Se le dichiarazioni del ministro degli Esteri filippino Delia Albert alla televisione araba al-Jazzira sono attendibili, le Filippine saranno il primo paese in Irak a cedere al ricatto dei terroristi e a ritirare le loro truppe purché l’ostaggio filippino in mano ai tagliatori di teste di al-Zarqawi sia liberato. Se partono i cinquanta soldati filippini la situazione militare sul terreno irakeno non cambierà gran che. Cambia invece, a favore del terrorismo, la situazione politica. I terroristi non operano in modo scriteriato, e non tagliano le teste in diretta televisiva per il gusto di tagliarle. Sono incoraggiati a continuare con gli attentati e con i rapimenti perché, dal loro punto di vista, funzionano. L’attentato di Madrid ha portato alla vittoria di Zapatero e alla fuga spagnola dall’Irak. Ora un rapimento fa scappare anche i filippini. Questo significa, con assoluta certezza, che ci saranno altri rapiti, altre bombe, altre teste tagliate. I terroristi operano secondo una rigorosa logica di costi e benefici: se una strategia funziona, perché dovrebbero cambiarla?
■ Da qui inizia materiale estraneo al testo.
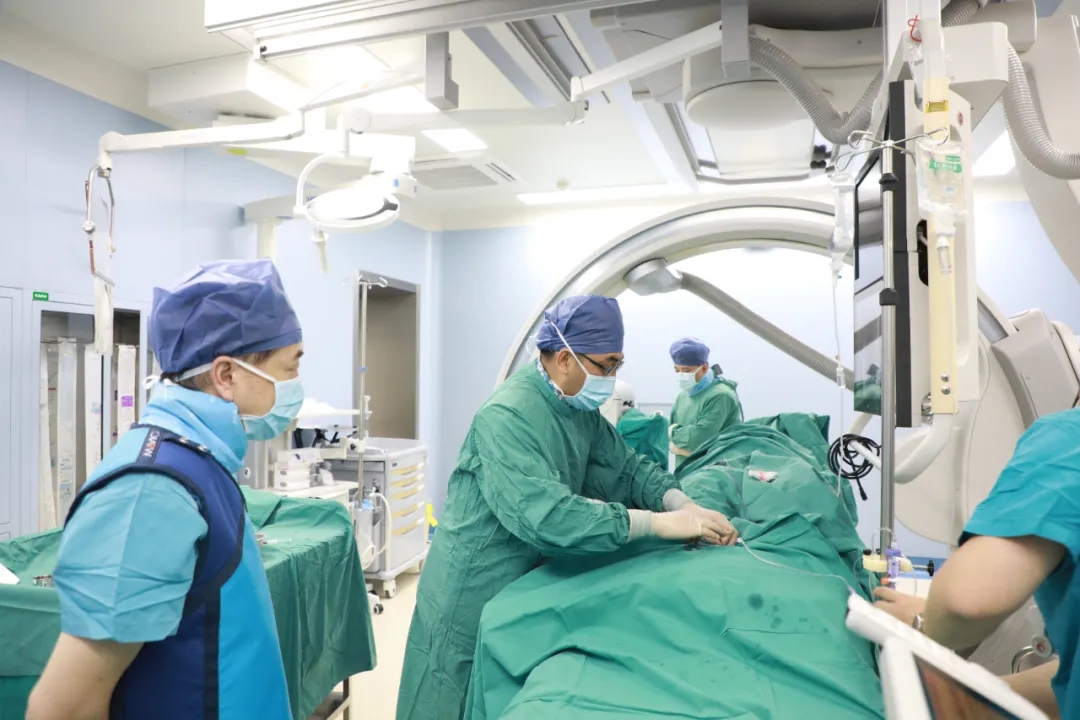 五一勞動(dòng)最光榮｜向佑護(hù)健康的白衣天使致敬！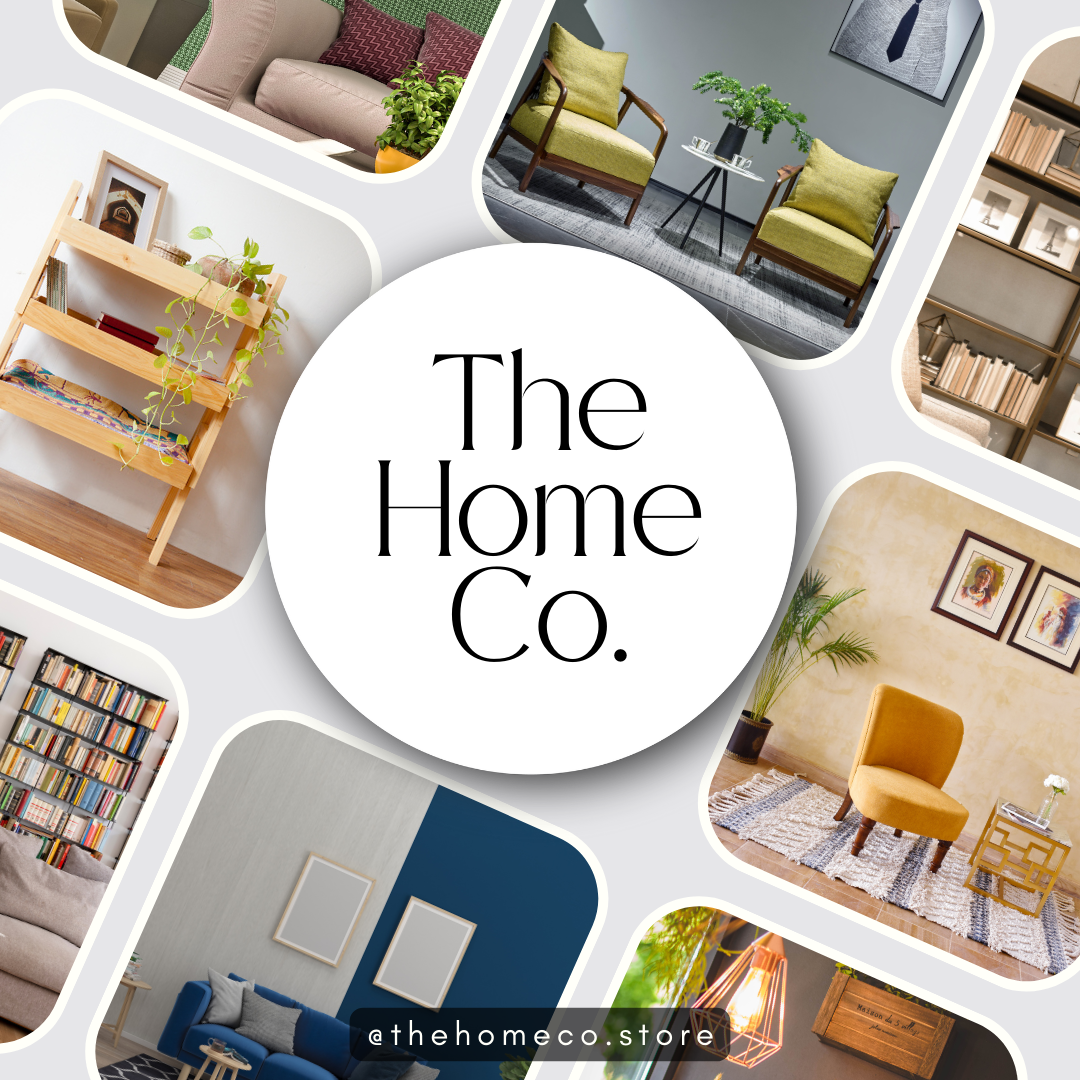 The Home Co. 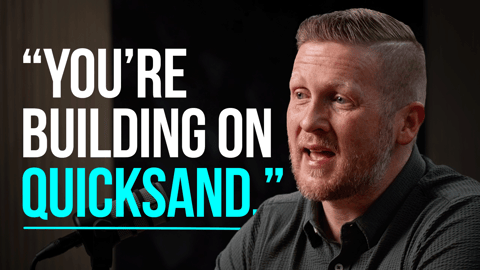 The Real Asset Gold Rush Is On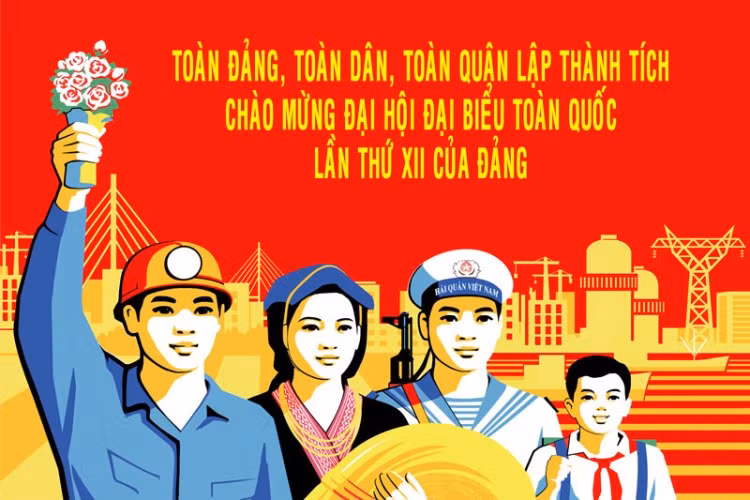 Kỷ niệm 70 năm Ngày Chủ tịch Hồ Chí Minh ra Lời kêu gọi thi đua ái quốc ảnh 2 Kỷ niệm 70 năm Ngày Chủ tịch Hồ Chí Minh ra Lời kêu gọi thi đua ái quốc ảnh 2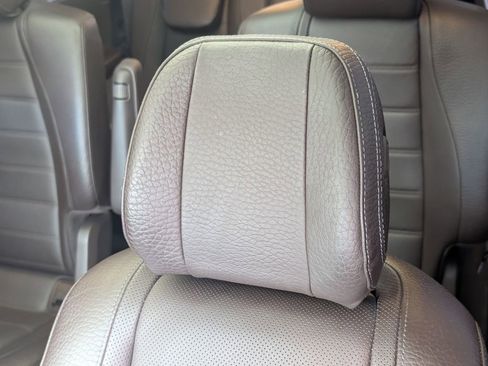Used 2020 Mercedes-Benz GLS 580 4MATIC image 16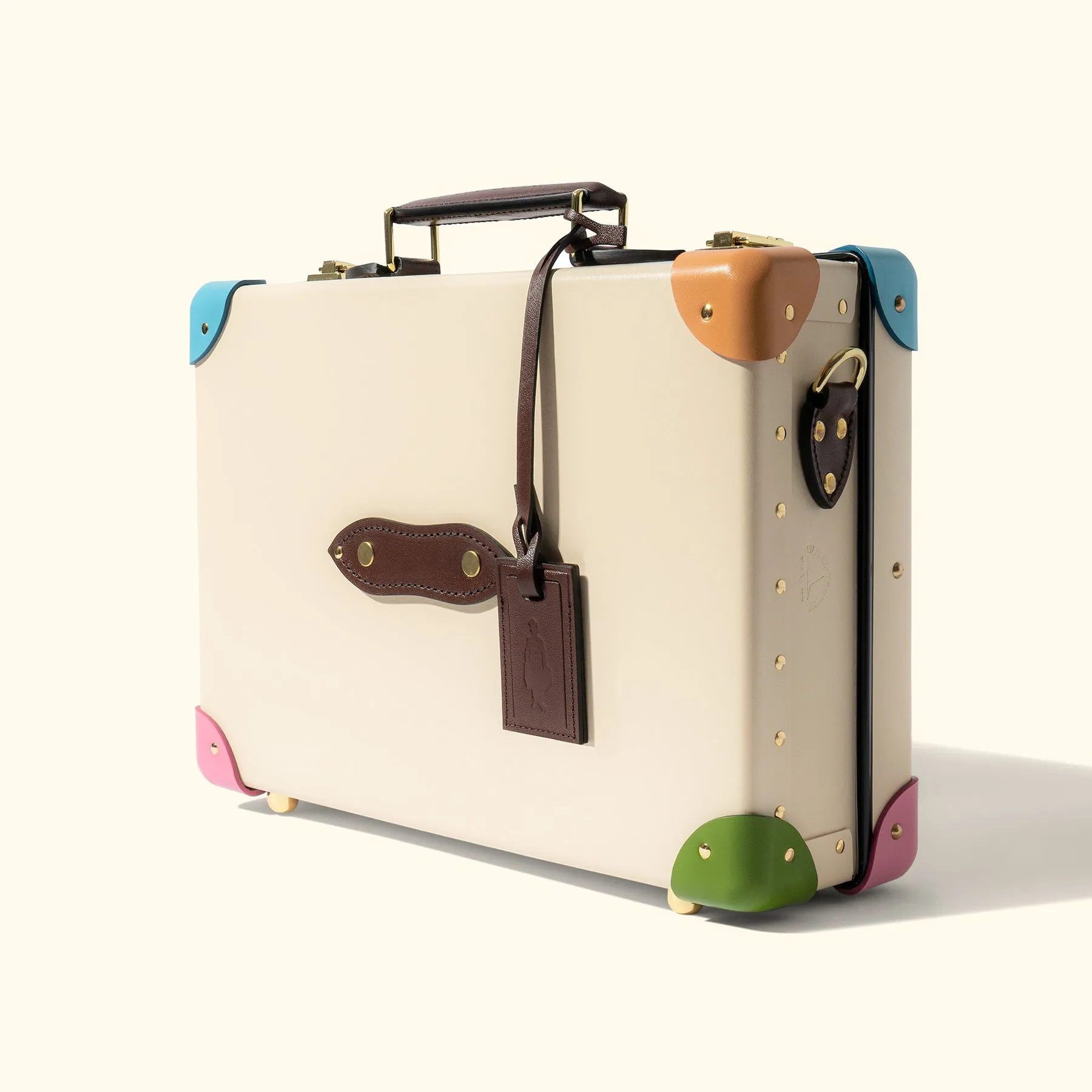 Small Attaché sold by GOLF le FLEUR*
È paradossale che il primo a cedere ai rapimenti-ricatto sia proprio il governo filippino. “La vita di un nostro connazionale – ha detto il ministro degli Esteri – viene prima degli interessi degli Stati Uniti”. Ma in verità le Filippine non sono in Irak per gli “interessi degli Stati Uniti”. Ci stanno per gli interessi propri, perché in Irak sono stati arrestati terroristi filippini, che verosimilmente non si limitano a “lavorare” in loco ma si preparano anche a tornare in patria per rilanciare l’attività terroristica nell’arcipelago asiatico. A differenza di quanto avviene per l’Italia, per le Filippine quella al terrorismo non è una guerra preventiva per scongiurare attentati futuri. È una guerra già in corso, dove Al Qaida si è inserita su vecchie rivendicazioni separatiste delle isole di Mindanao e di Sulu a maggioranza musulmana.
Il governo della presidente Gloria Arroyo può affermare di avere lanciato con un certo successo una nuova strategia, promettendo autonomia e federalismo e portando le più grandi organizzazioni separatiste musulmane al tavolo delle trattative. Ma questo è potuto avvenire solo perché il movimento più direttamente legato (in modo strettissimo e ampiamente dimostrato) ad Al Qaida, il gruppo Abu Sayyaf, è stato sconfitto sul piano militare e oggi è ridotto a un’organizzazione puramente criminale, con scarsissimo seguito, dedita principalmente a rapimenti di occidentali a scopo di estorsione.
E la sconfitta del gruppo Abu Sayyaf è avvenuta con il decisivo contributo delle truppe americane. Dopo l’11 settembre l’amministrazione Bush ha inviato oltre seicento soldati e cento milioni di dollari di aiuti militari nelle Filippine. Una decina di militari americani, oltre a diversi funzionari di organizzazioni umanitarie e missionari partiti dagli Stati Uniti, sono tornati in patria in una bara avvolta in una bandiera.
Ma gli Stati Uniti non si sono ritirati dalle Filippine, anzi ci sono ancora. Ora, incoraggiato dalla fuga filippina dall’Irak, il gruppo Abu Sayyaf potrebbe riorganizzarsi. Inoltre il Fronte Islamico di Liberazione Moro – che, a differenza del più moderato Fronte Nazionale di Liberazione Moro, con il governo filippino non ha firmato una pace ma solo una tregua, e mantiene le sue milizie in armi – potrebbe alzare il prezzo o riprendere la lotta armata. La gratitudine non è di questo mondo, ma cedere ai ricattatori di rado porta fortuna.